5. Strengths and limitations

This trial uses a controlled feeding design with diets matched for potential confounding dietary factors, which is a major strength. A 2-week standardized diet lead-in period is included to minimize baseline differences in habitual diet and the gut microbiota [70,97,98]. Although a crossover design was considered, the lack of human clinical evidence [70] and uncertainty of how long-lasting possible effects of UPF and/or commercial additives on the gut microbiota [43] or glucose tolerance may be, it is difficult to determine the duration of an adequate washout period (a limitation in existing studies [97]). Participant burden, retention, dietary compliance, and carryover effects may also be problematic with more lengthy controlled feeding periods [98,99]. Previous studies indicate changes in glucose/insulin homeostasis after diet interventions of 1–5 weeks in mid-life adults [100,101] and observations of changes to gut microbial composition/function with dietary intervention of similar duration [97]. For these reasons, a parallel design and a 6-week diet duration were selected.

This is an outpatient trial so dietary compliance cannot be definitively determined, however dietary biomarker data (urinary excretion) will be used to evaluate compliance in addition to self-reported information.

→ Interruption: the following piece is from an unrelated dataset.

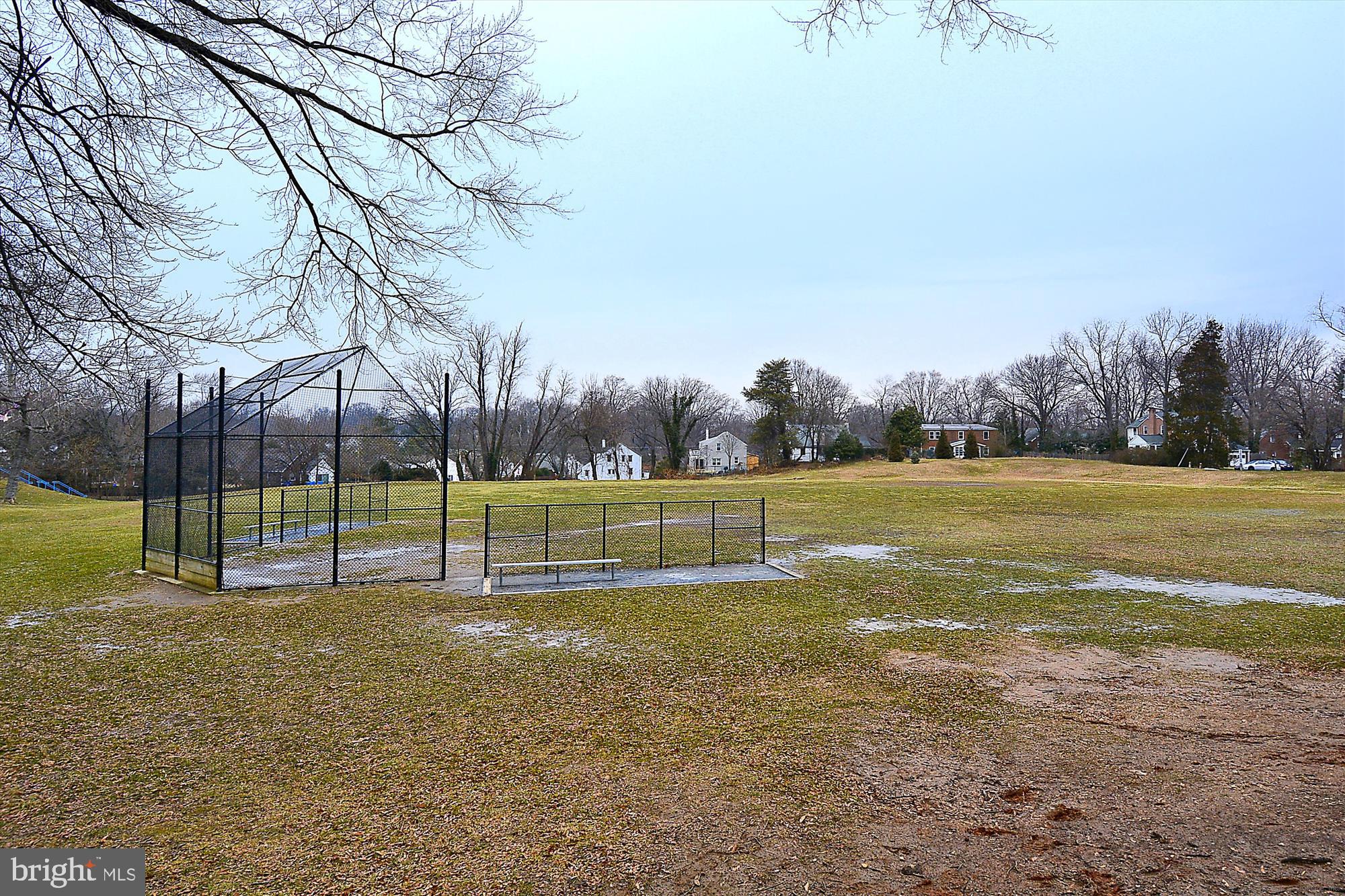 INDIAN SPRING MANOR - Residential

The gut microbiome analysis will be limited to 16S rRNA sequencing, targeted metabolic analyses of SCFA, and targeted qRT-PCR. Untargeted metabolomics and shot gun metagenomic approaches would extend future work to better understand the meta-organismal pathway contributing to impaired glucose homeostasis.

6. Conclusions and future directions

Mid-life is a vulnerable stage with 45–50% of adults in this age group having prediabetes [102]. This highlights the significance of T2D prevention strategies for these individuals. Our research could contribute to the evidence base informing dietary guidelines and T2D prevention strategies for this age group. Based upon these findings, future studies could examine the time course of changes, match diets in UPF but vary additive content to isolate the effects of individual UPF components/additives,^43,and investigate behavioral strategies to reduce UPF intake.

Table 3.

Daily menu targets and the 7-day average of the 81% UPF menus for the 2000 kcal level.

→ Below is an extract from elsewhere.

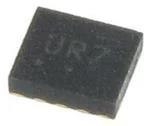 IC XLATOR 4BIT DUAL 12-UQFN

Dietary Component	Weekly Average	Target	Difference
Energy (kcal)	1986	2000	14
Total Fat (g)	79	78	−1
Total Carbohydrates (g)	252	250	− 2
Total Protein (g)	76	75	−1
Animal Protein (g)	49	50	1
Vegetable Protein (g)	27	25	− 2
Total Saturated Fatty Acids (SFA) (g)	29	27	− 2
Total Monounsaturated Fatty Acids	29	31	2
(MUFA) (g)
Total Polyunsaturated Fatty Acids	14	11	− 3
(PUFA) (g)
Total Dietary Fiber (g)	15	16	1
Soluble Dietary Fiber (g)	5	4	−1
Added Sugars (by Total Sugars) (g)	71	70	−1
Sodium (Na, mg)	3405	3400	− 5
Total Vitamin A Activity (Retinol Equivalents) (mcg)	760	760	0
Vitamin E (Total Alpha-Tocopherol) (mg)	8	10	2
Vitamin C (ascorbic acid) (mg)	131	130	−1
Zinc (mg)	9	8	−1
Selenium (mcg)	117	120	3
Calcium (mg)	1004	874	−130
Magnesium (mg)	267	272	5
Potassium (K, mg)	2268	2400	132
% Calories from Fat	35	35	0
% Calories from Carbohydrate	50	50	0
% Calories from Protein	15	15	0
% Calories from SFA	13	12	−1
% Calories from MUFA	13	14	1
% Calories from PUFA	6	5	−1
Glycemic Index (glucose reference)	61	56	− 5
Glycemic Load (GL; glucose reference)	205	N/Aa	N/Aa
Healthy Eating Index (HEI)	50	58	8
Ultra-Processed Food, % energy	81	81	0
Na/K ratio	2	2	0

^aThe goal for GL was to be consistent cross the days within each diet condition, and across diet conditions.

Data availability

Data will be made available on request.